--- START ---

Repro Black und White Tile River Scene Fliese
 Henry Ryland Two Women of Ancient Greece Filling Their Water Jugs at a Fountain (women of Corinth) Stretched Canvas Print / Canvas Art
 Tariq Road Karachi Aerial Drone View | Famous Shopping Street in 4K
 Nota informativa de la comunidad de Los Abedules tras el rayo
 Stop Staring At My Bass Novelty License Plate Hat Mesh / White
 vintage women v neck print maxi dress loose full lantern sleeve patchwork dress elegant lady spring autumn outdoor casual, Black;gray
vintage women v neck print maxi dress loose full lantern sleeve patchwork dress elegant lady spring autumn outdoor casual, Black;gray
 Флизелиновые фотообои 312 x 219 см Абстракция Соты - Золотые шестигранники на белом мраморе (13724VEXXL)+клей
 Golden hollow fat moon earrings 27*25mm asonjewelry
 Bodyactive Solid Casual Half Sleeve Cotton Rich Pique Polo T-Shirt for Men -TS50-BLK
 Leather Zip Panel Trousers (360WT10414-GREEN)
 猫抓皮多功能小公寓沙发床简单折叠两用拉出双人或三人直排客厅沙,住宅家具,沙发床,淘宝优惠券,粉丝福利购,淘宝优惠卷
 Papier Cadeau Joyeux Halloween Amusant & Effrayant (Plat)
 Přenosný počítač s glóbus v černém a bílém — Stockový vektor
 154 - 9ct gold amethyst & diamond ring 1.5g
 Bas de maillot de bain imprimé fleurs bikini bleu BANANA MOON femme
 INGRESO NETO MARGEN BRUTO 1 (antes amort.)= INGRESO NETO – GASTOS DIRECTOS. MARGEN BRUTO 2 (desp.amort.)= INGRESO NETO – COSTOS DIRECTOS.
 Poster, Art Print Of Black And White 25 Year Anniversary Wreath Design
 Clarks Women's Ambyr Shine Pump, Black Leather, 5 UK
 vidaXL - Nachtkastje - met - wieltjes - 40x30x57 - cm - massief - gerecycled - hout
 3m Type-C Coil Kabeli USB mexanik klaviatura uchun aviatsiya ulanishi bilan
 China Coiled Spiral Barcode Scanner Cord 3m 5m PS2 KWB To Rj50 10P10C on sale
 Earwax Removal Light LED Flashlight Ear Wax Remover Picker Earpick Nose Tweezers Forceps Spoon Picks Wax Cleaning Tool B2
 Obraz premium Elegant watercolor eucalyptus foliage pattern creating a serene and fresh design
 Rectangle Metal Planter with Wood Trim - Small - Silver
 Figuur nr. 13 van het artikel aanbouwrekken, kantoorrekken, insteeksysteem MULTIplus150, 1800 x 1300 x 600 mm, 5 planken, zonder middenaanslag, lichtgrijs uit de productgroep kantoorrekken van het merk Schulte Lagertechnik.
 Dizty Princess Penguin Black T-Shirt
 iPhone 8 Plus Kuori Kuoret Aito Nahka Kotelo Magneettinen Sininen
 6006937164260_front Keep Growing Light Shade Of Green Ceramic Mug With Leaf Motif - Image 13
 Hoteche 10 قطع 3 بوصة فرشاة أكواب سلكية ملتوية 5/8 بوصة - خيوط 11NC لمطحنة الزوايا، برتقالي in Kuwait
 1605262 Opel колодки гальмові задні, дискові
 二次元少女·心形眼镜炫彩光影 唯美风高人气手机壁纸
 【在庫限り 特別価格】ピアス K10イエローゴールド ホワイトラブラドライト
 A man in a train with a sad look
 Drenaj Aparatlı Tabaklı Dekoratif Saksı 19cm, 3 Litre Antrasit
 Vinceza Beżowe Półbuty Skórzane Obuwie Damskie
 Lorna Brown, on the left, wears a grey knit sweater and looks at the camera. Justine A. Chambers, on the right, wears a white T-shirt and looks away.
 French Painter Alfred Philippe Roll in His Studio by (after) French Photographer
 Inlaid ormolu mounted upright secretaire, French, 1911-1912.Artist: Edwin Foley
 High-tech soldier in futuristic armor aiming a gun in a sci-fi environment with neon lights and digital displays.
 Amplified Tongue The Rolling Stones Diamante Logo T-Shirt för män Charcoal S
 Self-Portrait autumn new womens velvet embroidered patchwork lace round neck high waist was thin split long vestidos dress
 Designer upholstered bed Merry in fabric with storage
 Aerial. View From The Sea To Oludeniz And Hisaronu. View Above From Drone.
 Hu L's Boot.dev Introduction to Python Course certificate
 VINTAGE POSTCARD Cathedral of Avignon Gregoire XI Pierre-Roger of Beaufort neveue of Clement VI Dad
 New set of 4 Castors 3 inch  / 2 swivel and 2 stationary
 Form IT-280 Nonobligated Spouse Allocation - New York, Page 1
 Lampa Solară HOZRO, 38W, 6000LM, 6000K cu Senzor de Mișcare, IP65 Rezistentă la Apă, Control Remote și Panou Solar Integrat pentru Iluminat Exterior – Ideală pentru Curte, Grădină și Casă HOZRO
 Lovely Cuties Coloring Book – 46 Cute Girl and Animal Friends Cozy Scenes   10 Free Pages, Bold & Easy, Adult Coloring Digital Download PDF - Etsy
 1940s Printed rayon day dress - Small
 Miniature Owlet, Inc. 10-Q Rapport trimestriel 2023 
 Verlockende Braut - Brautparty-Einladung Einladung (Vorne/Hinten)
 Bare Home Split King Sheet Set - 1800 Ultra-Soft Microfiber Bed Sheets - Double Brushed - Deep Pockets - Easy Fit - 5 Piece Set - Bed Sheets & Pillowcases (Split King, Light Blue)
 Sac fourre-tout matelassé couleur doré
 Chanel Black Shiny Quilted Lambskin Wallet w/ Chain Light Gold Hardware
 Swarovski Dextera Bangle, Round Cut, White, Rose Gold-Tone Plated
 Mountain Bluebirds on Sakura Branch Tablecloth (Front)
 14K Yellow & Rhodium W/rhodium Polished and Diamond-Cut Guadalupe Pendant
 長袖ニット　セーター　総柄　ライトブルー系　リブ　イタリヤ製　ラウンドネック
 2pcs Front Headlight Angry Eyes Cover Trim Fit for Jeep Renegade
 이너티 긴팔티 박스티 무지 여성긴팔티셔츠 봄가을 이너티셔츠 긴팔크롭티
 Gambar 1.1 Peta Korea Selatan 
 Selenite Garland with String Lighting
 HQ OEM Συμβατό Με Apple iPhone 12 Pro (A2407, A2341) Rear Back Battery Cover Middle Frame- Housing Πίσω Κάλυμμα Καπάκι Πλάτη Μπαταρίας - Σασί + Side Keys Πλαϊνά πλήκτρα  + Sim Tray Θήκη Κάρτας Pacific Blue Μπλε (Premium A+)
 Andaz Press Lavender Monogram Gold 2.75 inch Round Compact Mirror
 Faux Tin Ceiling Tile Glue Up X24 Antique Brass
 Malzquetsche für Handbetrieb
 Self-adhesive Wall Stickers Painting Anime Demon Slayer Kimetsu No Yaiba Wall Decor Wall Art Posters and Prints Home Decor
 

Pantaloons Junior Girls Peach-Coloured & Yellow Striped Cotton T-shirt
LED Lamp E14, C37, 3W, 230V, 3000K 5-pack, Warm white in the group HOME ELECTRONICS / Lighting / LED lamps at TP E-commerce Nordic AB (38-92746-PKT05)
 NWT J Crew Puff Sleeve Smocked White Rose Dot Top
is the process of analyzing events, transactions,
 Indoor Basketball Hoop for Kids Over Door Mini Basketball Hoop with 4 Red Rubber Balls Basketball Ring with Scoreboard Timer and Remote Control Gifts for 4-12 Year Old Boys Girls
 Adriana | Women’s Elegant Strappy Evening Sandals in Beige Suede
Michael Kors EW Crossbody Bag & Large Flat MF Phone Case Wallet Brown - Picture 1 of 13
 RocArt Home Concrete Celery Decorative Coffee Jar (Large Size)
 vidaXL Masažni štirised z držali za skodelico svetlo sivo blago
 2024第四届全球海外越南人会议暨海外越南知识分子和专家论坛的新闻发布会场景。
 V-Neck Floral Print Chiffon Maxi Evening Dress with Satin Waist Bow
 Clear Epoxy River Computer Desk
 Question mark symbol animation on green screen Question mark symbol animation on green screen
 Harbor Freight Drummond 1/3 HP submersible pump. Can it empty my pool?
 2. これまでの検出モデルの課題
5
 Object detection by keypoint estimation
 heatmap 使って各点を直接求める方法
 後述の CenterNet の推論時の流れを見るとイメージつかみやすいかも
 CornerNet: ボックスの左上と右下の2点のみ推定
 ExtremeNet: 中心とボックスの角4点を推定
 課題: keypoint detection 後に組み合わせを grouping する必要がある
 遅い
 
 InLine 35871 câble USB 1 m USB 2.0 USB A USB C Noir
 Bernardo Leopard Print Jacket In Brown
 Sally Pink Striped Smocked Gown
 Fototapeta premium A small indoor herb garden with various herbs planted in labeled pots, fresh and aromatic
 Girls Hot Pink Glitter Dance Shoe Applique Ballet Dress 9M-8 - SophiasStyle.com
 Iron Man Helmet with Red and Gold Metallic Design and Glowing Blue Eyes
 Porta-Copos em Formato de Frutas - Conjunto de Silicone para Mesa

--- END ---

Could you please copy the lines above exactly, beginning at the first and ending at the line that contains "猫抓皮多功能小公寓沙发床简单"?

Repro Black und White Tile River Scene Fliese
 Henry Ryland Two Women of Ancient Greece Filling Their Water Jugs at a Fountain (women of Corinth) Stretched Canvas Print / Canvas Art
 Tariq Road Karachi Aerial Drone View | Famous Shopping Street in 4K
 Nota informativa de la comunidad de Los Abedules tras el rayo
 Stop Staring At My Bass Novelty License Plate Hat Mesh / White
 vintage women v neck print maxi dress loose full lantern sleeve patchwork dress elegant lady spring autumn outdoor casual, Black;gray
vintage women v neck print maxi dress loose full lantern sleeve patchwork dress elegant lady spring autumn outdoor casual, Black;gray
 Флизелиновые фотообои 312 x 219 см Абстракция Соты - Золотые шестигранники на белом мраморе (13724VEXXL)+клей
 Golden hollow fat moon earrings 27*25mm asonjewelry
 Bodyactive Solid Casual Half Sleeve Cotton Rich Pique Polo T-Shirt for Men -TS50-BLK
 Leather Zip Panel Trousers (360WT10414-GREEN)
 猫抓皮多功能小公寓沙发床简单折叠两用拉出双人或三人直排客厅沙,住宅家具,沙发床,淘宝优惠券,粉丝福利购,淘宝优惠卷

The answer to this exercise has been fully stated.